Judge Kozinski was known to be a tough boss, but I did not witness him engaging in inappropriate behavior of a sexual nature.
Over the course of my relationship with Judge Kozinski, I never saw him sexually harass a law clerk or law clerk candidate.
To the best of my memory, no one ever raised concerns with me regarding inappropriate behavior of a sexual nature on the part of Judge Kozinski. Judge Kozinski worked in a small courthouse in Pasadena with ten other judges, numerous law clerks, and court employees. Apparently, none of them knew of any misconduct, or they presumably would have reported it.
5) He denies any implications of perjury
One of the big questions looming over Kavanaugh’s confirmation hearing is whether he knowingly misled lawmakers on a wide array of issues during his 2004 and 2006 confirmation hearings — including his involvement in the controversial confirmation of Judge William Pryor, as well as his work on detainee policy in the Bush White House.
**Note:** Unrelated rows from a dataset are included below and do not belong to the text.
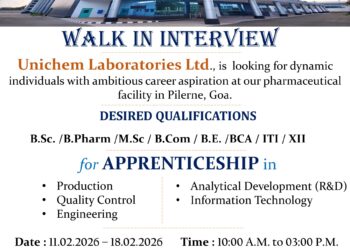 Unichem Laboratories Ltd – Walk-In Interview For Multiple Departments on 11–18 February 2026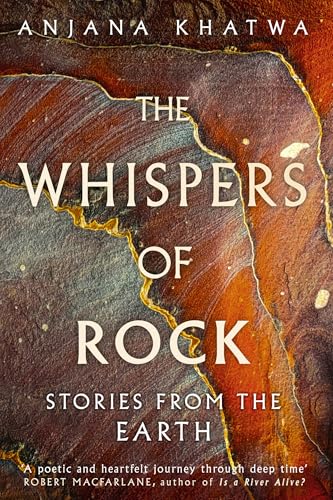 Book cover: "The Whispers of Rock" with a textured stone background.
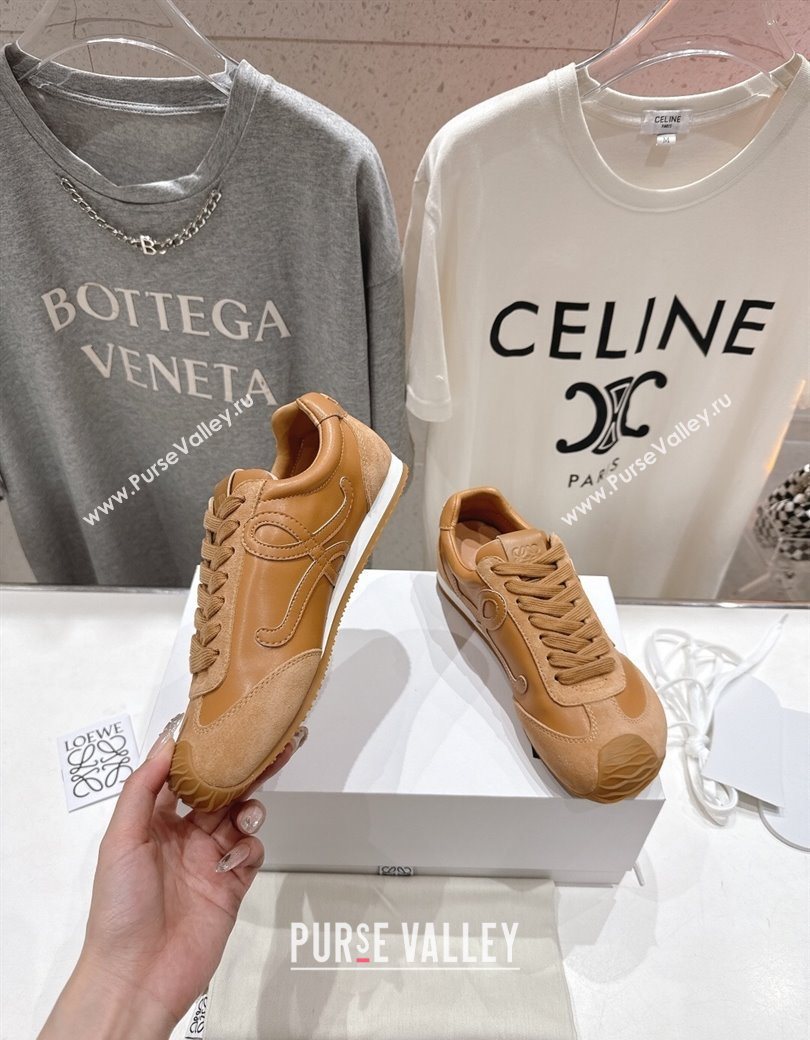 Loewe Ballet Runner 2.0 Sneakers in Leather and Suede Light Brown 2025 (KL-251210051)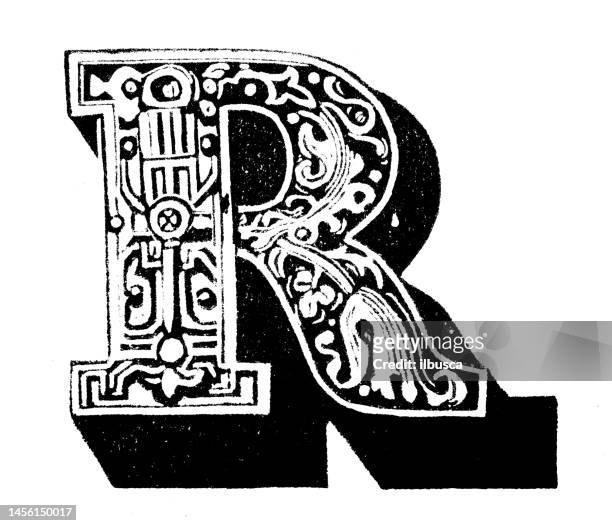 bildbanksillustrationer, clip art samt tecknat material och ikoner med antique vintage letter r - letter r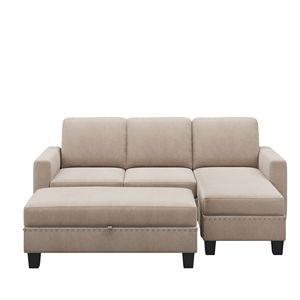 Divano Sezionale Reversibile da 81 Pollici con Contenitore, Divano a L a 3 Pezzi con Chaise Longue, Dettagli Chiodati, per Soggiorno - Product Image 4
Democrats have also argued that he obscured his role on Bush-era wiretapping practices and hid his awareness of a hack that exposed thousands of Senate Judiciary Democrat documents. Kavanaugh, once again, maintained that he did not.
While any perjury claims against Kavanaugh would be unlikely to stick, critics argue that a Supreme Court nominee with a potentially questionable ethical record would disrespect the position and the process.
During the hearing, I truthfully answered numerous questions regarding Mr. Miranda, and I refer you to those answers.
As I explained at the hearing last week, I testified accurately in 2006 that I did not learn about the Terrorist Surveillance Program, or TSP until I read about it in a New York Times article in December 2005. I was not read into that program.